2. Der Schiedsspruch vom 02.05.2001 ist nicht nur eine Berichtigung des Schiedsspruches vom 01.03.2001. Eine Berichtigung ist nach § 1058 Abs. 1 ZPO bei Rechen-, Schreib- und Druckfehlern oder Fehlern ähnlicher Art möglich. Die Änderung im zweiten Schiedsspruch ist keine Angleichung des im ersten Schiedsspruch Niedergeschriebenen an das Gewollte, sondern eine Änderung im Willen. Damit ist sie keine Berichtigung mehr (Schwab-Walter, Schiedsgerichtsbarkeit, 6. Aufl., Kapitel 21 Rn. 14).
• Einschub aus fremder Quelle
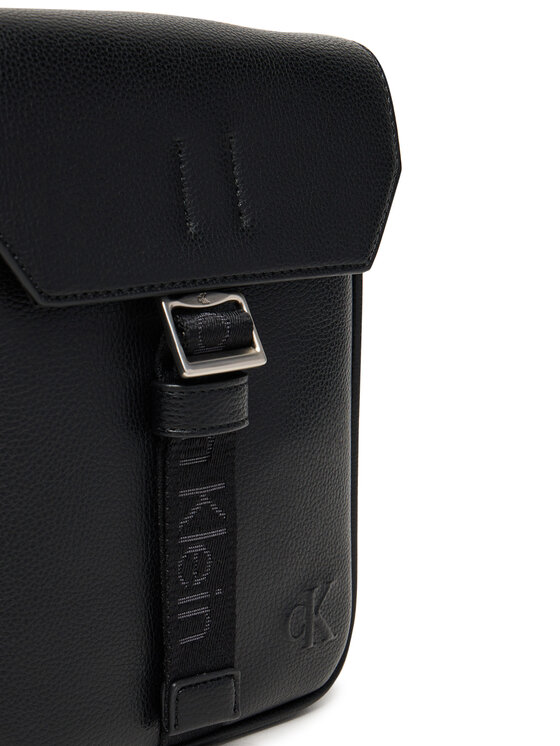 Calvin Klein Calvin Klein Taška cez rameno Cargo Flap Reporter LV04D3131G Čierna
3. Eine neue Schiedsvereinbarung für ein zweites Schiedsverfahren liegt nicht vor. Eine ausdrückliche Vereinbarung ist nicht getroffen. Auch durch rügelose Einlassung des Antragstellers auf das zweite Schiedsverfahren ist keine neues Schiedsverfahren ermöglicht worden. Durch rügeloses Einlassen auf ein Verfahren kann das Schiedsgericht auch ohne schriftliche Schiedsvereinbarung zuständig werden, §§ 1040 Abs. 2, 1031 Abs. 6 ZPO (Schwab-Walter, Schiedsgerichtsbarkeit, 6. Aufl., Kapitel 24 Rn. 7). Die materielle Rechtskraft des alten Schiedsspruches vom 01.03.2001 können die Parteien durch Vereinbarung, die in der Fortsetzung des alten Verfahrens konkludent gesehen werden könnte, beseitigen (Zöller-Geimer § 1055 Rn. 9; BayObLG MDR 1984, 496; a.A. Schwab-Walter, Schiedsgerichtsbarkeit, 6. Aufl., Kapitel 21 Rn. 7). Der Antragsteller hat sich aber am zweiten Schiedsverfahren überhaupt nicht beteiligt und sich damit auch nicht rügelos darauf eingelassen.

4. Die Kostenentscheidung beruht auf § 91 ZPO.